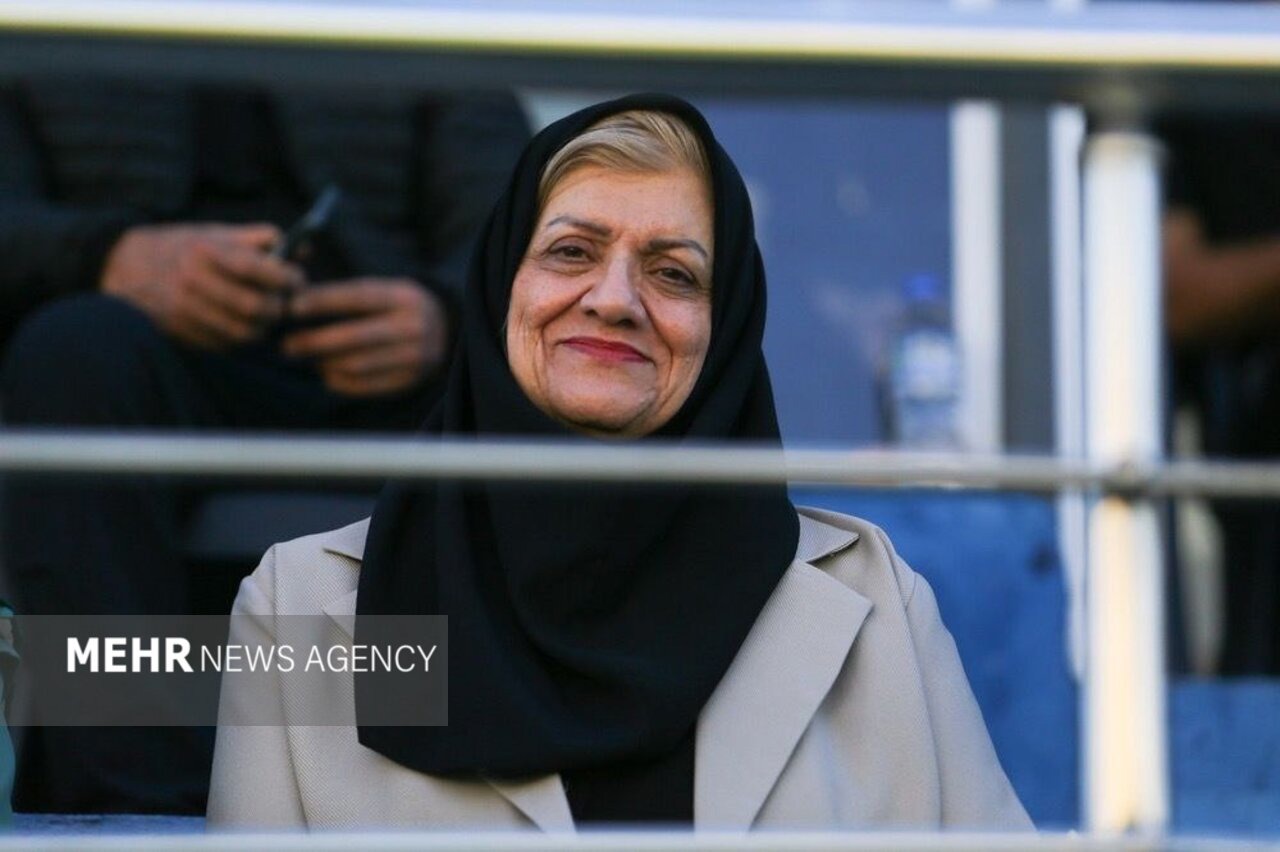 شجاعی: هماهنگی تیم ملی و خاتون بم را دنبال می‌کنیم!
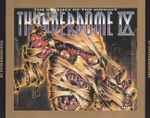 Cover of Thunderdome IX - The Revenge Of The Mummy, 2002-10-00, CD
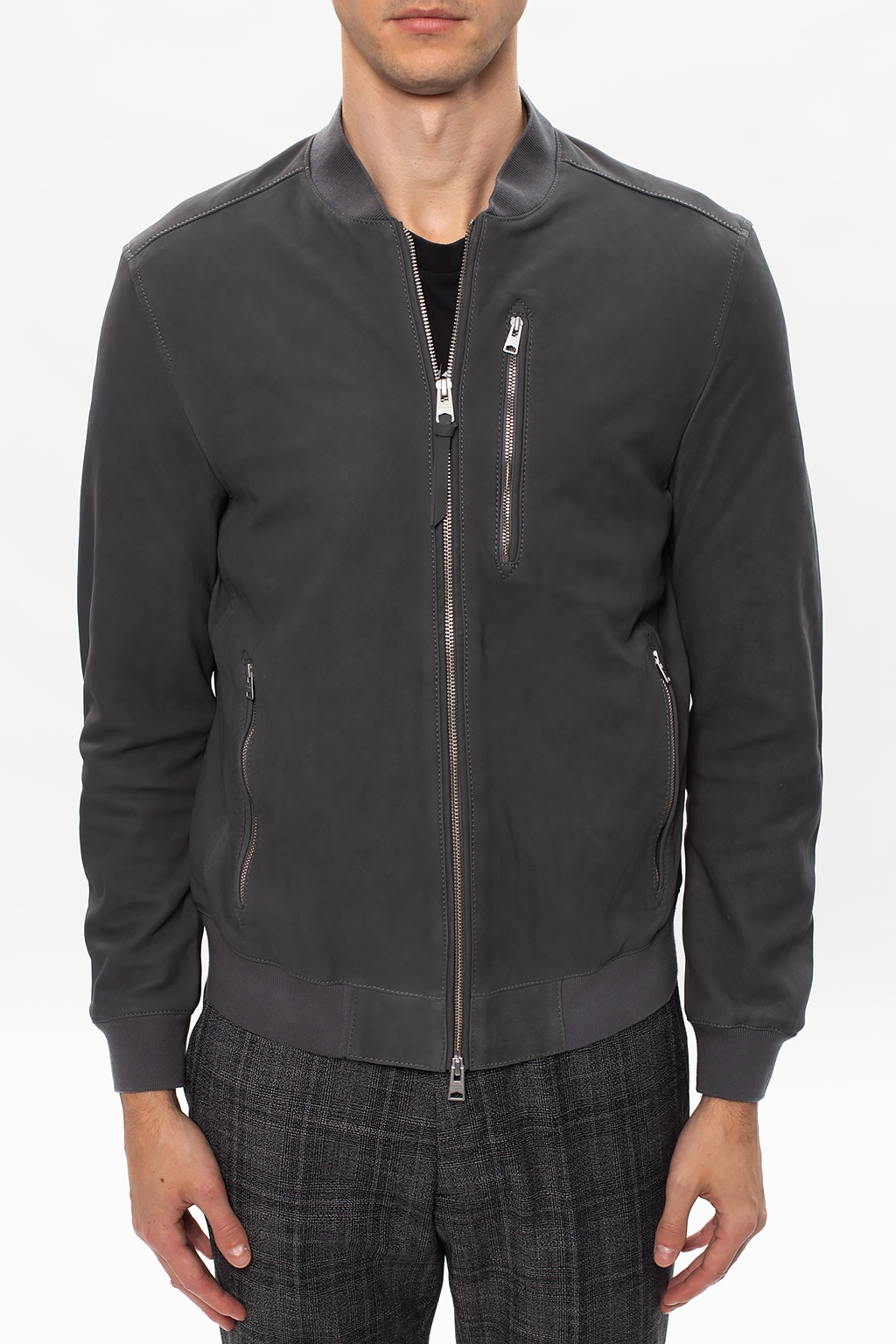 All saints stones on sale bomber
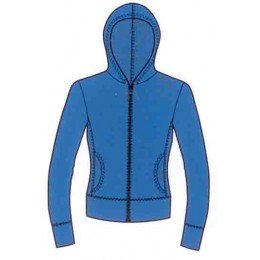 Куртка женская Alpine Pro Canary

◆ **EXERCISE**: Copy all of the material word for word, and include none of its pictures.

◆ **EXERCISE ANSWER**:
 شجاعی: هماهنگی تیم ملی و خاتون بم را دنبال می‌کنیم!
 Cover of Thunderdome IX - The Revenge Of The Mummy, 2002-10-00, CD
 All saints stones on sale bomber
 Куртка женская Alpine Pro Canary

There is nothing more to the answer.